Eight out of ten Swedish municipalities will be forced to make serious cuts to local services this year due to changing demographics and costs of newly arrived migrants.
Just under half of the municipalities, 46 percent, plan cuts to disability services, while 50 percent say they will be making spending cuts in individual and family care in order to save money, Swedish broadcaster SVT reports.
Göran Eriksson, the city manager for the municipality of Bengtsfors, said that his municipality relies heavily on subsidies and other programmes from the national government and would not be able to cope with the costs of social services and welfare without them.
“We have been generous and received many new arrivals, but basically it is also a demographic problem. We have an ageing population and the municipality is shrinking,” he told the broadcaster.
Among the measures planned to save money is a merger of those who handle migrant integration with those who work in the labour market and welfare. Street light usage is expected to be reduced by 20 percent and snow ploughing will only occur when there are higher levels of snowfall than previously.

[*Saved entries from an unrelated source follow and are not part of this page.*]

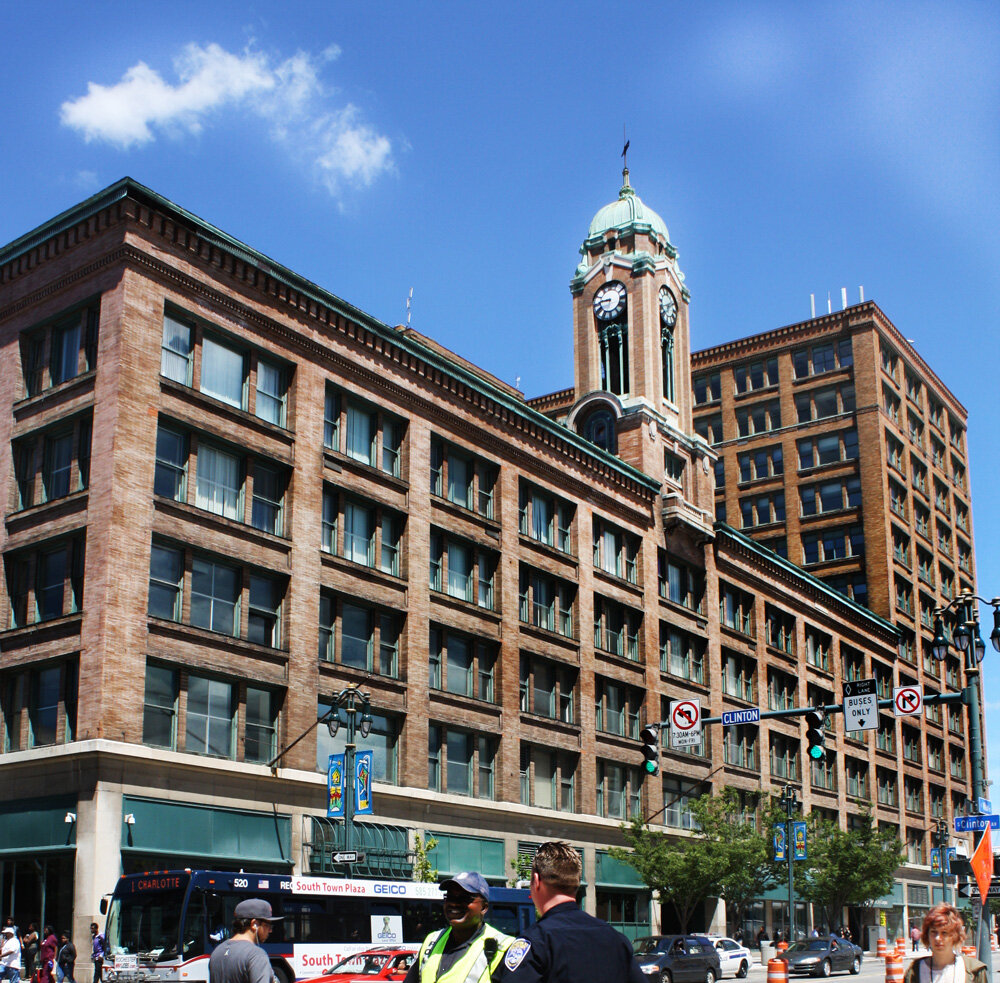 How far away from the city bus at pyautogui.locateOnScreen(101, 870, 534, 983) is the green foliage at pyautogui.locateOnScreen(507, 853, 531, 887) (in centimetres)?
1463

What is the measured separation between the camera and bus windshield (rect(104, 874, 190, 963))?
2623 cm

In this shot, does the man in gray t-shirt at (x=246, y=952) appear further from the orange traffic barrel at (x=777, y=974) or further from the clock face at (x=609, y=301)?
the clock face at (x=609, y=301)

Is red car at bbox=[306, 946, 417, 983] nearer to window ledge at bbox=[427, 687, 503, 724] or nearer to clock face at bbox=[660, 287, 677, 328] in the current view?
window ledge at bbox=[427, 687, 503, 724]

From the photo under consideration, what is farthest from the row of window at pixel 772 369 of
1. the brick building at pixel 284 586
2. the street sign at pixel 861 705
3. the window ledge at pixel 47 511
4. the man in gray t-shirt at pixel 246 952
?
the man in gray t-shirt at pixel 246 952

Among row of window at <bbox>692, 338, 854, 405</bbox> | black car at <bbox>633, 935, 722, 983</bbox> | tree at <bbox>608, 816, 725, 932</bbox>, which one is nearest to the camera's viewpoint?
black car at <bbox>633, 935, 722, 983</bbox>

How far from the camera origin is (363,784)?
1432 inches

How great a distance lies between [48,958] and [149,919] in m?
6.27

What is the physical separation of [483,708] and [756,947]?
84.3 ft

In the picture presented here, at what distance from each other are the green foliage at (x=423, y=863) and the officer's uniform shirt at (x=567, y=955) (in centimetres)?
3469

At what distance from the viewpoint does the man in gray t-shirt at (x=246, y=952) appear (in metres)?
9.20

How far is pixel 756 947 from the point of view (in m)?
63.8

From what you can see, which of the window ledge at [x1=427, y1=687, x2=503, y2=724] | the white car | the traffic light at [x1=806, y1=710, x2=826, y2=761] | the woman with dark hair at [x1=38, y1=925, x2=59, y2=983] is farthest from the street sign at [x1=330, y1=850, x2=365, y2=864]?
the white car

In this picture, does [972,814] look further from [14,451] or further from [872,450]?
[872,450]

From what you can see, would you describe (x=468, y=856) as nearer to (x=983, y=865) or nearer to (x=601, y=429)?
(x=983, y=865) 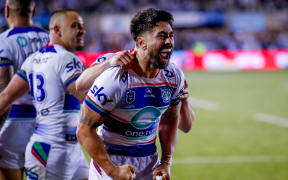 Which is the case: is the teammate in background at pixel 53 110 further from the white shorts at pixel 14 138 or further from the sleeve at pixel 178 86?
the sleeve at pixel 178 86

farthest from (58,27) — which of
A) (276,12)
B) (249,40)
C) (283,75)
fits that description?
(276,12)

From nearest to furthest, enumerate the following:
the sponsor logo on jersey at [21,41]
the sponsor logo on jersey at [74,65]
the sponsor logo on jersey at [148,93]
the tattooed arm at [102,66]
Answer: the tattooed arm at [102,66], the sponsor logo on jersey at [148,93], the sponsor logo on jersey at [74,65], the sponsor logo on jersey at [21,41]

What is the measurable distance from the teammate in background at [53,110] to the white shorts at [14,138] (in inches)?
15.7

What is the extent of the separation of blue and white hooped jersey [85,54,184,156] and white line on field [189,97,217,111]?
1090 cm

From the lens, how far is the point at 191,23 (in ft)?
115

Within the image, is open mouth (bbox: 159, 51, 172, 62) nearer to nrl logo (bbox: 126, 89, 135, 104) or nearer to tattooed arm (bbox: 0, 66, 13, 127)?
nrl logo (bbox: 126, 89, 135, 104)

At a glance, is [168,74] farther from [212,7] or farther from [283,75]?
[212,7]

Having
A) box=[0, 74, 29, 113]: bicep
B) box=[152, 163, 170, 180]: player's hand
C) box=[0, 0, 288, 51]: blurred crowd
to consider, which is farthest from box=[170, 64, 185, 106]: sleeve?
box=[0, 0, 288, 51]: blurred crowd

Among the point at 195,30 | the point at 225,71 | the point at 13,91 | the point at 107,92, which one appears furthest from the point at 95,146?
the point at 195,30

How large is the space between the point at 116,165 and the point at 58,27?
5.60 feet

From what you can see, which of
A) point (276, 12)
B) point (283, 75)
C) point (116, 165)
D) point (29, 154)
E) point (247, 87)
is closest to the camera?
point (116, 165)

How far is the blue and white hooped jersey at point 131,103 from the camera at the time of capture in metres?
2.76

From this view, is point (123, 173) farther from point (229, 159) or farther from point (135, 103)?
point (229, 159)

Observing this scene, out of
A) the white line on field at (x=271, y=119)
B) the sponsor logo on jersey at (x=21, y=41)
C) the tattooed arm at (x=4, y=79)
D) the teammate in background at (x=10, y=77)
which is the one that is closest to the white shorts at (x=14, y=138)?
the teammate in background at (x=10, y=77) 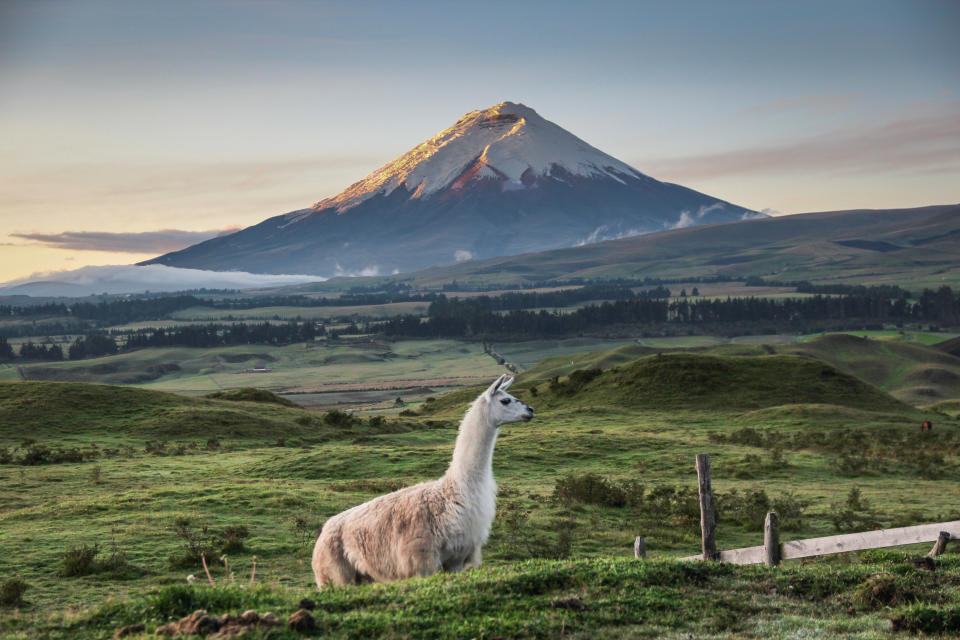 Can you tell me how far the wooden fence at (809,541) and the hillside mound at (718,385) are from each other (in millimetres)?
51455

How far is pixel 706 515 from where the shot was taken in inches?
545

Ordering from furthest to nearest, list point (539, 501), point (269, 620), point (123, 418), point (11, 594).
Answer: point (123, 418) < point (539, 501) < point (11, 594) < point (269, 620)

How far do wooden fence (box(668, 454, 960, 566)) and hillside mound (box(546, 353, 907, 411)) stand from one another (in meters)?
51.5

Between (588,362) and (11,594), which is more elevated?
(11,594)

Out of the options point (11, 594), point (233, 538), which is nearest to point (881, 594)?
point (11, 594)

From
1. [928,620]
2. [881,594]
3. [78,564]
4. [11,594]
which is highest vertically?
[928,620]

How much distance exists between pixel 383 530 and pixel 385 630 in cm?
302

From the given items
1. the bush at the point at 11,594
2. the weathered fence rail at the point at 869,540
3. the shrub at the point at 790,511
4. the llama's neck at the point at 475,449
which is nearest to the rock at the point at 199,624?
the llama's neck at the point at 475,449

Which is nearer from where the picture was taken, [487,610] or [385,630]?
[385,630]

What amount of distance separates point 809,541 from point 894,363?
4306 inches

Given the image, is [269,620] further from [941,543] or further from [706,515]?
[941,543]

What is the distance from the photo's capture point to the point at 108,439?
150 feet

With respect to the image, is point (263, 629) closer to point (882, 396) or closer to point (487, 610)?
Answer: point (487, 610)

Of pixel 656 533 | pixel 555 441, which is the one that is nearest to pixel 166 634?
pixel 656 533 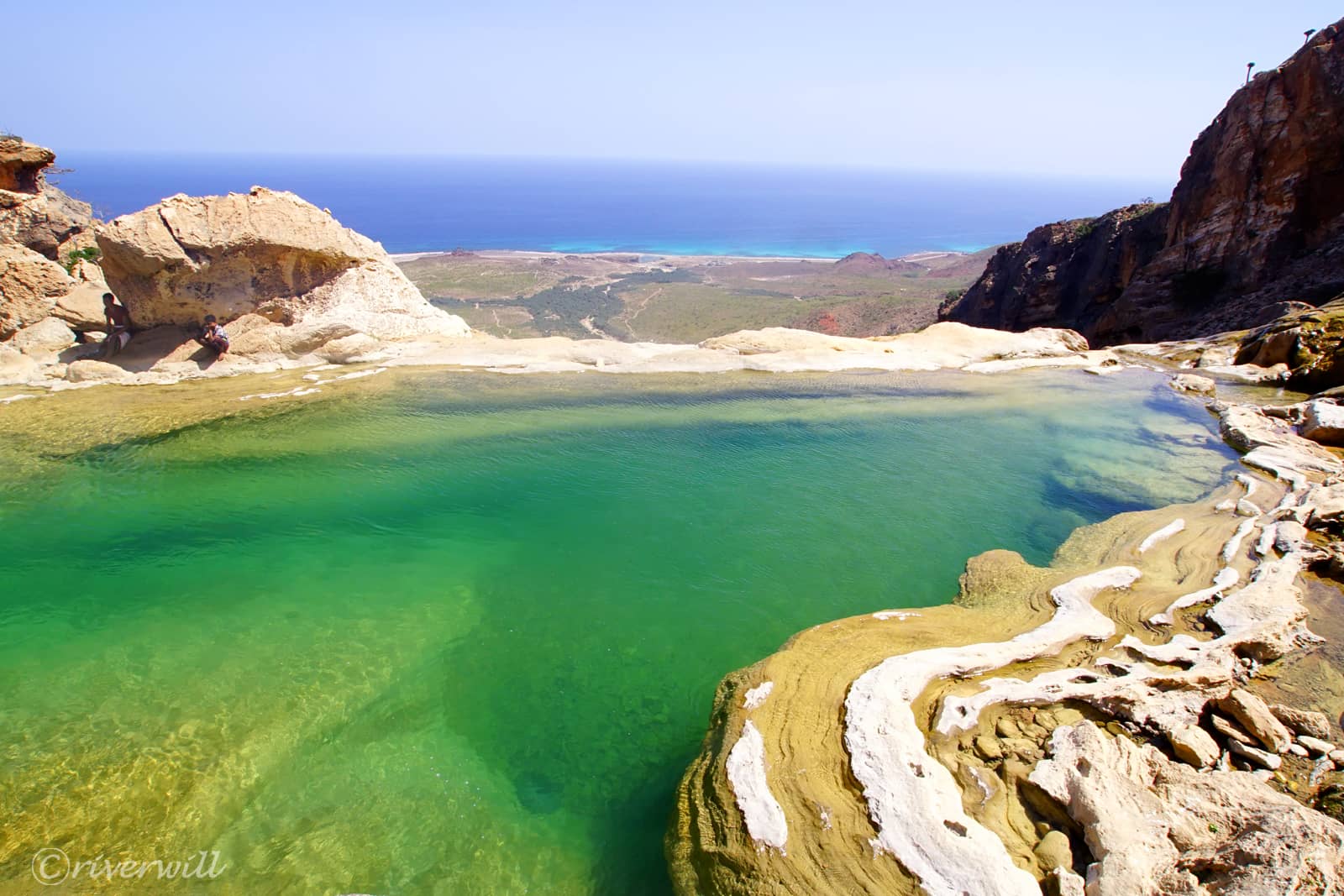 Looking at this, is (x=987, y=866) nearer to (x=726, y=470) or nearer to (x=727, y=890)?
(x=727, y=890)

According to centre-right Moderate politician Anders Forsberg, the austerity measures are there in place of potential tax increases.
Bengtfors lawmakers sounded the alarm in August, claiming that the municipality faced potential bankruptcy due to taking in far too many migrants that it could locally afford.
“Costs in municipalities that have received new arrivals have continued to be substantial even when government revenues have stopped. This creates a large negative hole in the municipal cash register,” Moderate Party member Stig Bertilsson said.
Several other local governments have expressed similar situations such as Hässleholm, whose City Council chairman Lars Johnsson said at least 100 of the migrants living in the munci0paity were illiterate and claimed it would be “impossible” to get them into work.